(PROBLEM TO WORK ON): Leave every picture out and return the rest of the listing verbatim.

********************

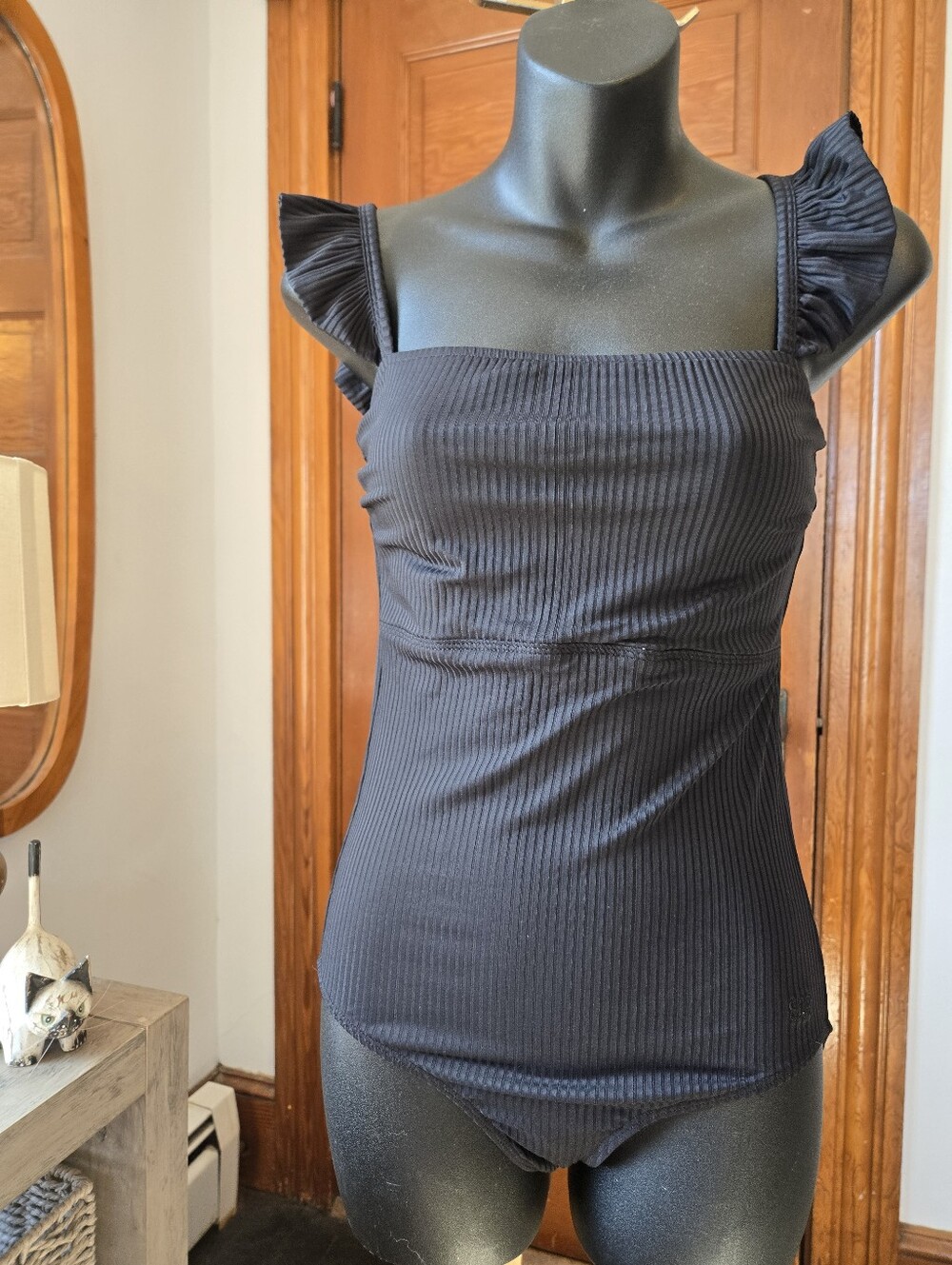 Albion Classic Full-coverage Hampton Ribbed Ruffle Tank XS - Picture 8 of 9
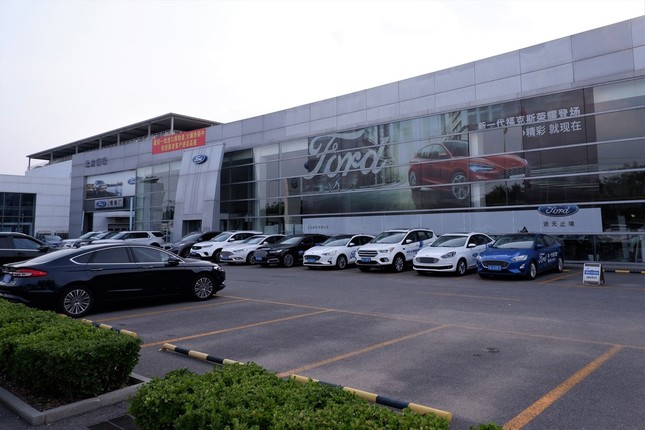 駐車場の空きスペースが目立つ北京郊外のフォード・ディーラー店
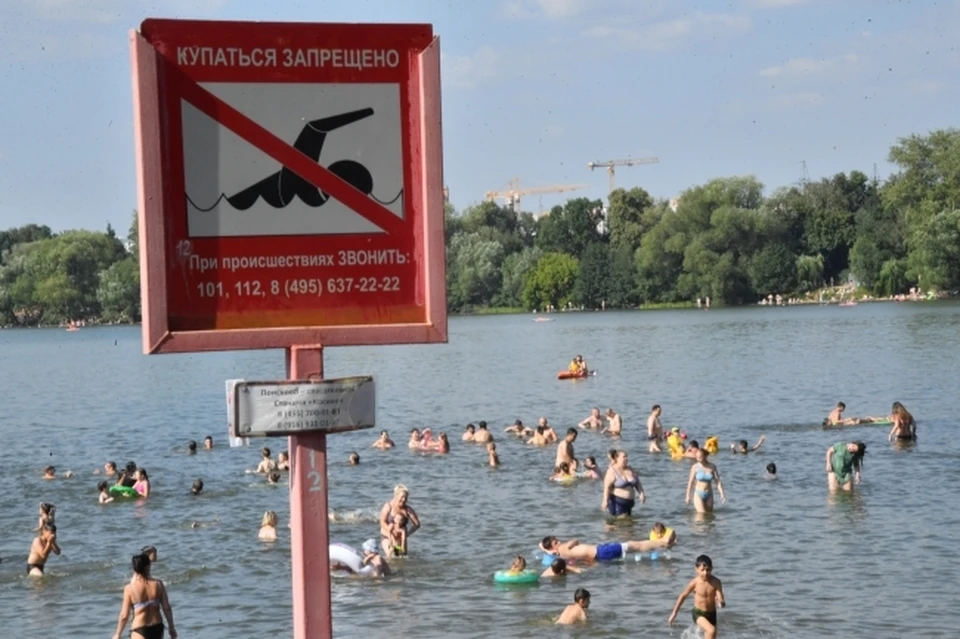 Больше 100 человек купались в неположенных местах Якутска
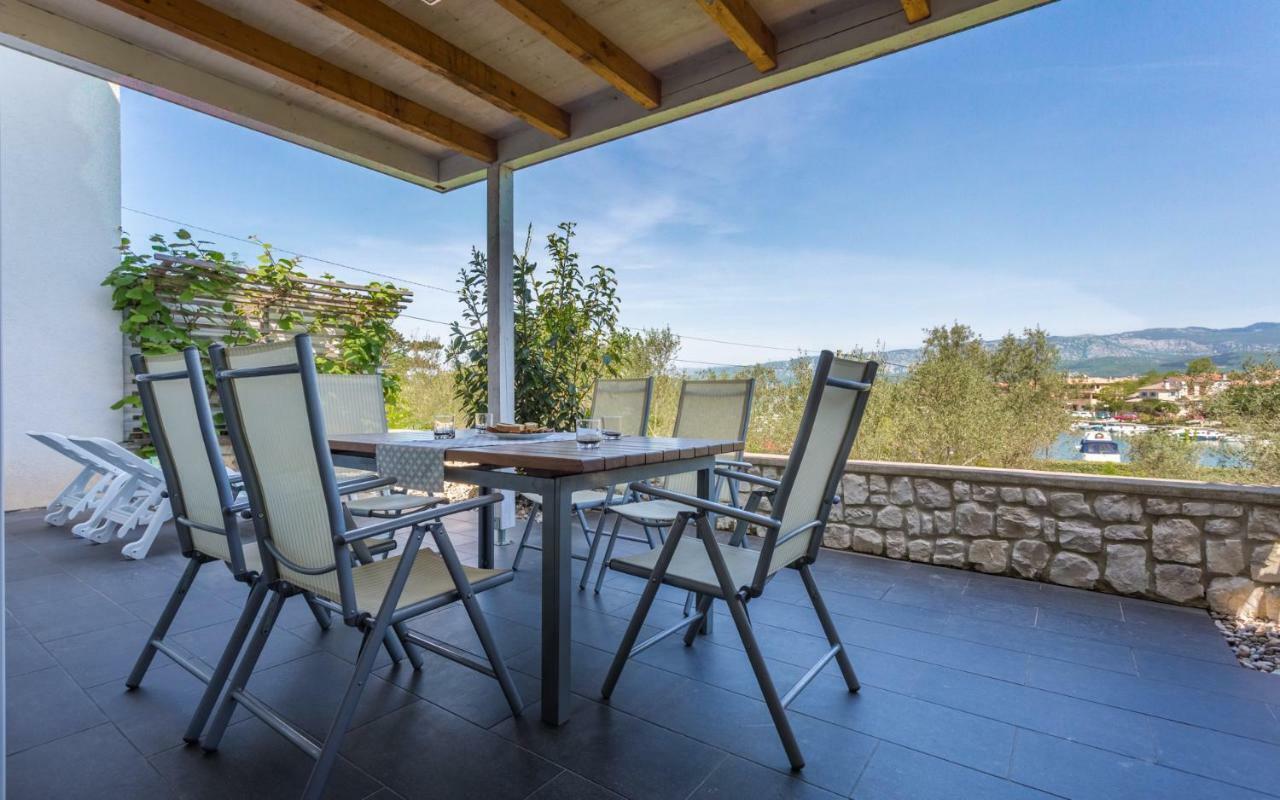 Apartment Trava Klimno Bagian luar foto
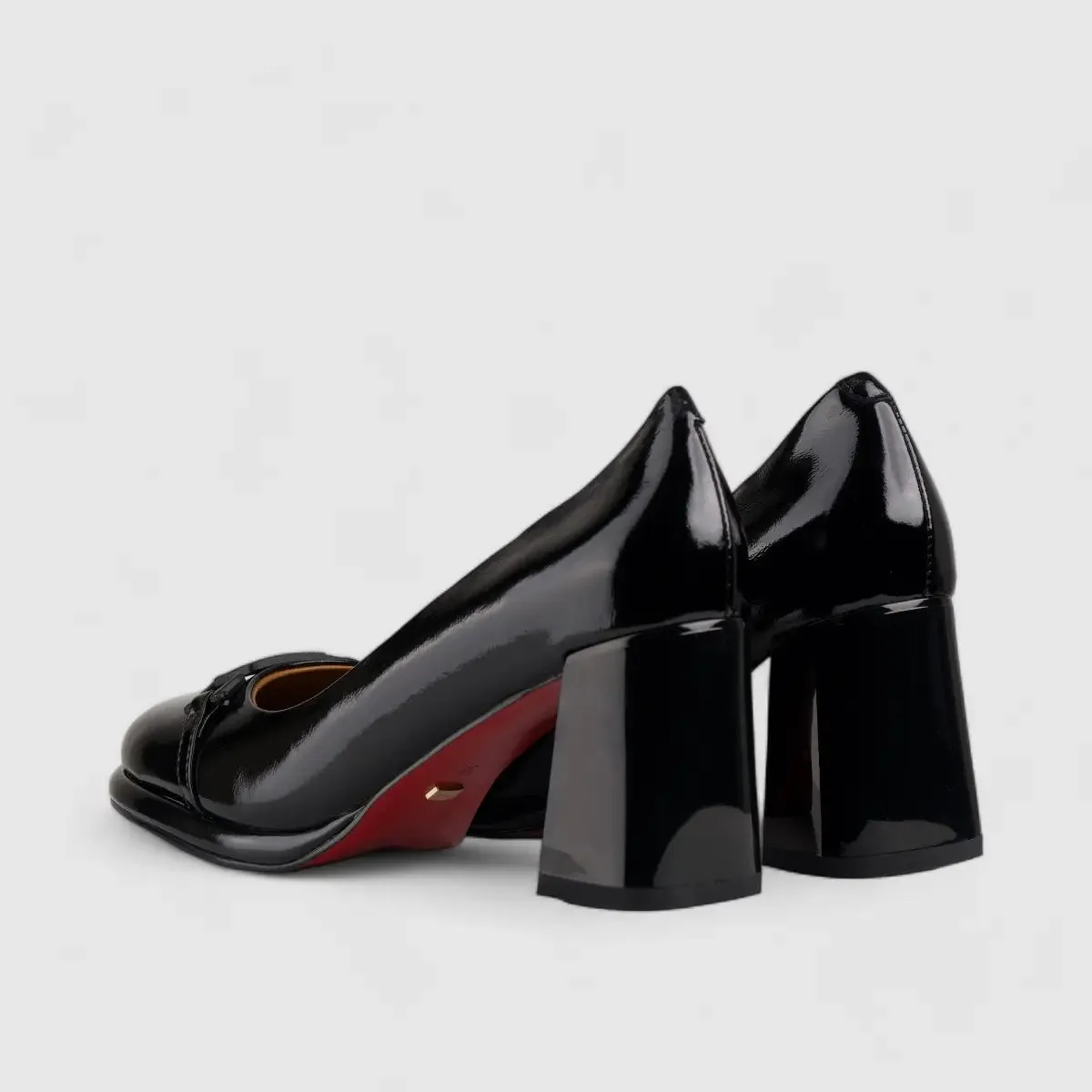 Bulbul Leather Block Heel Court Shoe Black LAR6006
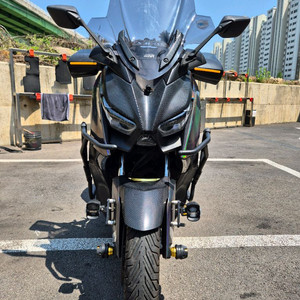 XMAX300판매합니다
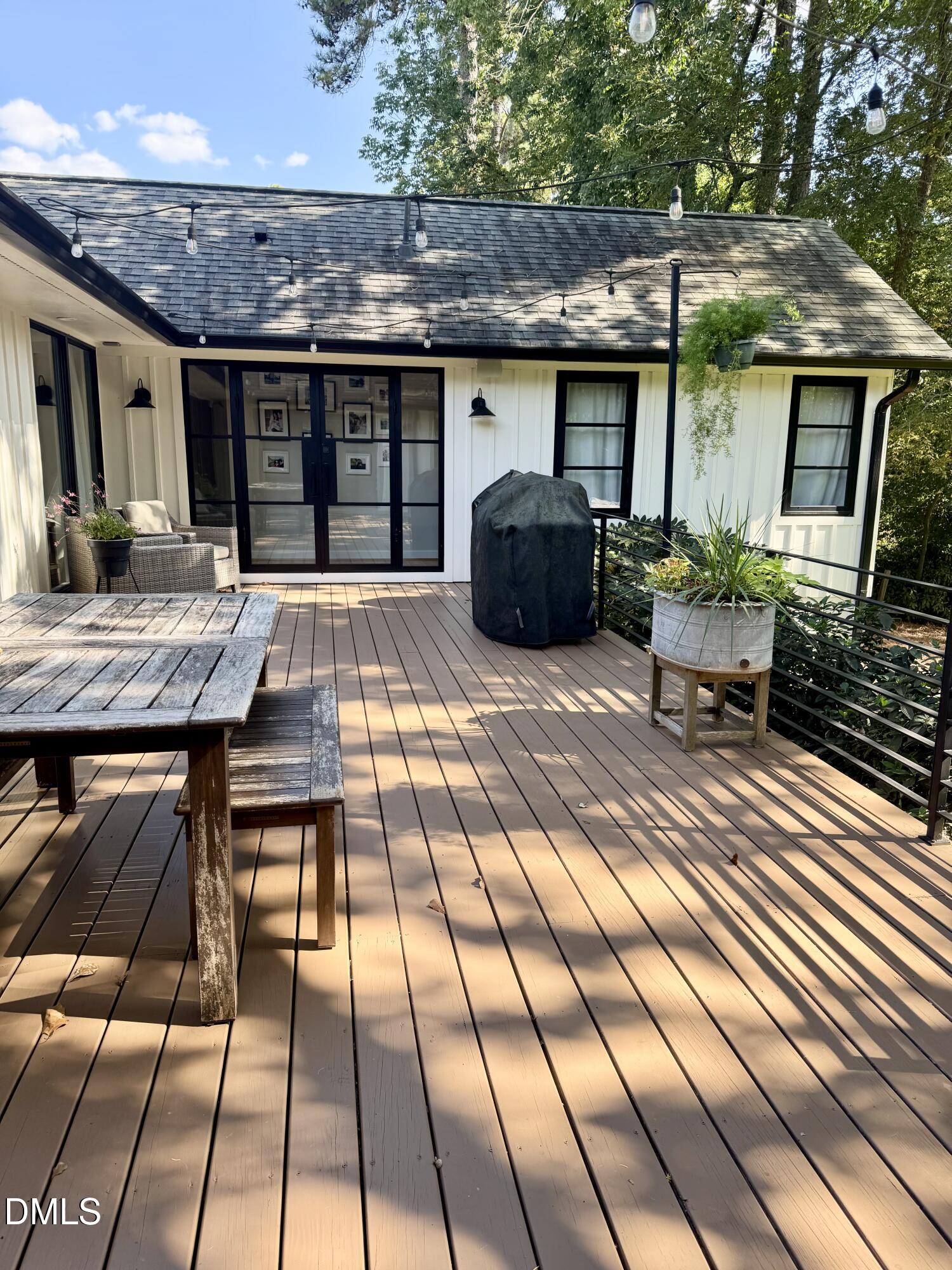 212 E Drewry Lane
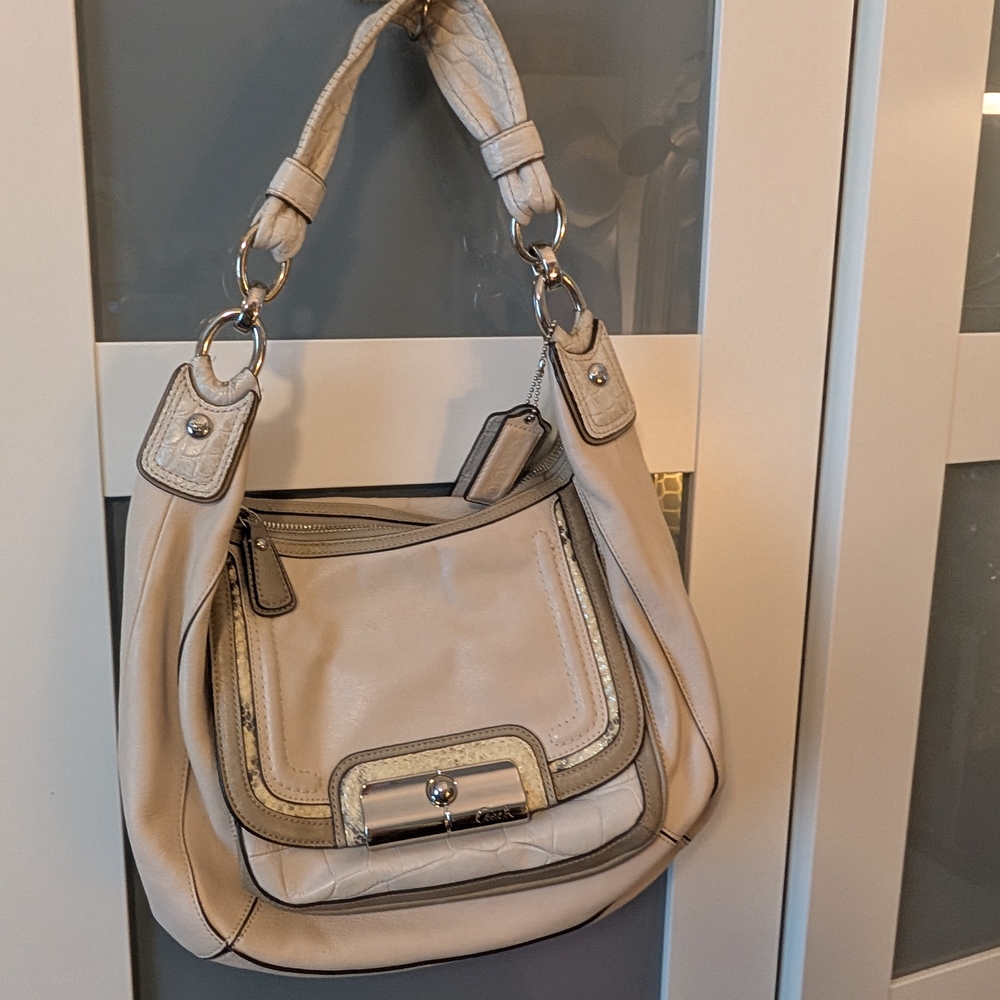 Coach Kristin Spectator Leather Hobo Ivory Beige Snakeskin Cross body 16803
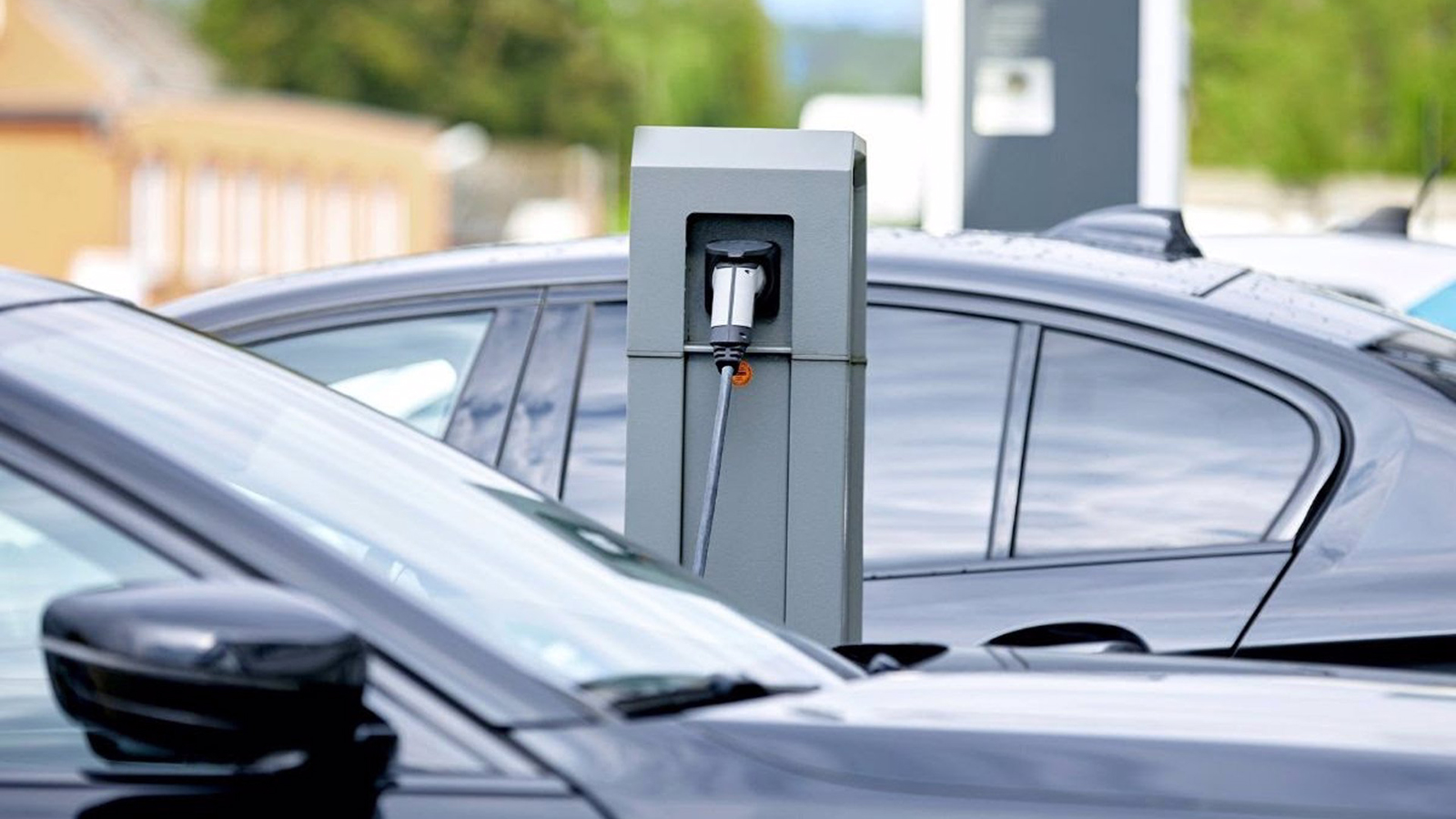 Punto de recarga de vehículo eléctrico en Madrid. - Aedive /></p><p>Ahora bien, para poder beneficiarse del descuento CAE es imprescindible que el coche entregado <strong>pertenezca a la misma categoría</strong> que el coche que se adquiere, es decir, que si entregamos un <strong>turismo se compre un turismo y similar con un comercial</strong>, lo que no podemos hacer es combinar segmentos ni tipos de vehículo. Sin embargo, donde <strong>no hay impedimento es en el tipo de combustible</strong> e incluso si entregas un híbrido enchufable por un eléctrico, el certificado se generará igualmente, el ahorro energético será menor pero la validez será la misma.</p></div></body></html>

********************

(TASK ANSWER):
 Albion Classic Full-coverage Hampton Ribbed Ruffle Tank XS - Picture 8 of 9
 駐車場の空きスペースが目立つ北京郊外のフォード・ディーラー店
 Больше 100 человек купались в неположенных местах Якутска
 Apartment Trava Klimno Bagian luar foto
 Bulbul Leather Block Heel Court Shoe Black LAR6006
 XMAX300판매합니다
 212 E Drewry Lane
 Coach Kristin Spectator Leather Hobo Ivory Beige Snakeskin Cross body 16803
 Punto de recarga de vehículo eléctrico en Madrid. - Aedive /></p><p>Ahora bien, para poder beneficiarse del descuento CAE es imprescindible que el coche entregado <strong>pertenezca a la misma categoría</strong> que el coche que se adquiere, es decir, que si entregamos un <strong>turismo se compre un turismo y similar con un comercial</strong>, lo que no podemos hacer es combinar segmentos ni tipos de vehículo. Sin embargo, donde <strong>no hay impedimento es en el tipo de combustible</strong> e incluso si entregas un híbrido enchufable por un eléctrico, el certificado se generará igualmente, el ahorro energético será menor pero la validez será la misma.</p></div></body></html>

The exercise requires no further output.